Questa importante notizia per i prosciuttifici della regione Umbria, è stata data dall’assessore regionale allo sviluppo economico, Michele Fioroni, che in questi giorni ha partecipato, con una delegazione di dieci aziende umbre, al Summer Fancy Food di New York, una delle più rilevanti fiere internazionali dedicate al mondo del food and beverage.

“Una missione molto importante – ha spiegato l’assessore Michele Fioroni – fortemente voluta dalla nostra giunta e dalla Presidente Tesei.

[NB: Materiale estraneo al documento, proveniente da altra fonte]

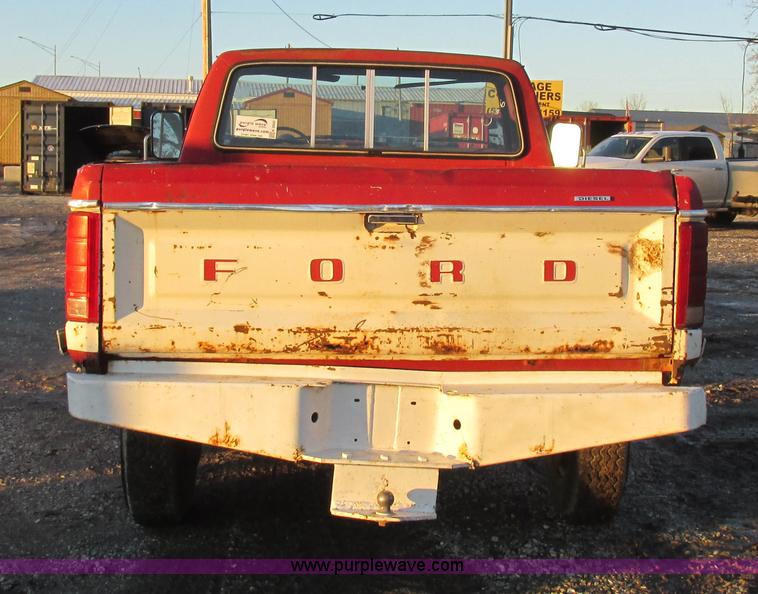 image for item K2022 1983 Ford F250 pickup truck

Siamo in fiera, siamo a raccontare le eccellenze del nostro territorio nel più importante salone dell’industria alimentare mondiale con una notizia importantissima: finalmente il nostro prosciutto, il prosciutto Igp d’ Umbria, di Norcia, il prosciutto umbro può entrare nel mercato americano”.

“Questoha sottolineato l’assessore Fioroniè il risultato di un’azione di sistema che ha visto protagonisti la Regione Umbria, il Ministero della Salute e il Ministero degli Esteri, con il ruolo fondamentale del ministro Antonio Tajani, e la collaborazione importantissima dell’On. Raffaele Nevi”.

“Un esempio – ha aggiunto – di come le istituzioni, quando fanno sistema, riescano a essere più competitive nei mercati internazionali. Siamo pronti, dobbiamo solo aspettare quindici mesi, il tempo che i nostri prosciutti siano stagionati al punto giusto, non solo perché raggiungano il massimo del sapore e della qualità, ma anche perché sono questi i tempi necessari affinché possano entrare negli Usa”.

“Siamo diventati – ha commentato Michele Fioroni – uno dei luoghi più vivaci del salone, molte aziende sono in contatto con buyers e con operatori di settore. La freschezza della nostra proposta ed il nostro approccio fieristico, da come dicono gli organizzatori, è riuscita a guadagnare uno spazio di voce, che ci sta rendendo molto popolari all’interno del Fancy Food”.

“Tutti ha concluso Michele Fioroni – visitano l’Umbria nel nostro stand. Si producono piatti pronti ogni secondo con i nostri chef che esaltano ogni prelibatezza. Tutto questo è molto apprezzato e quindi siamo molto soddisfatti”.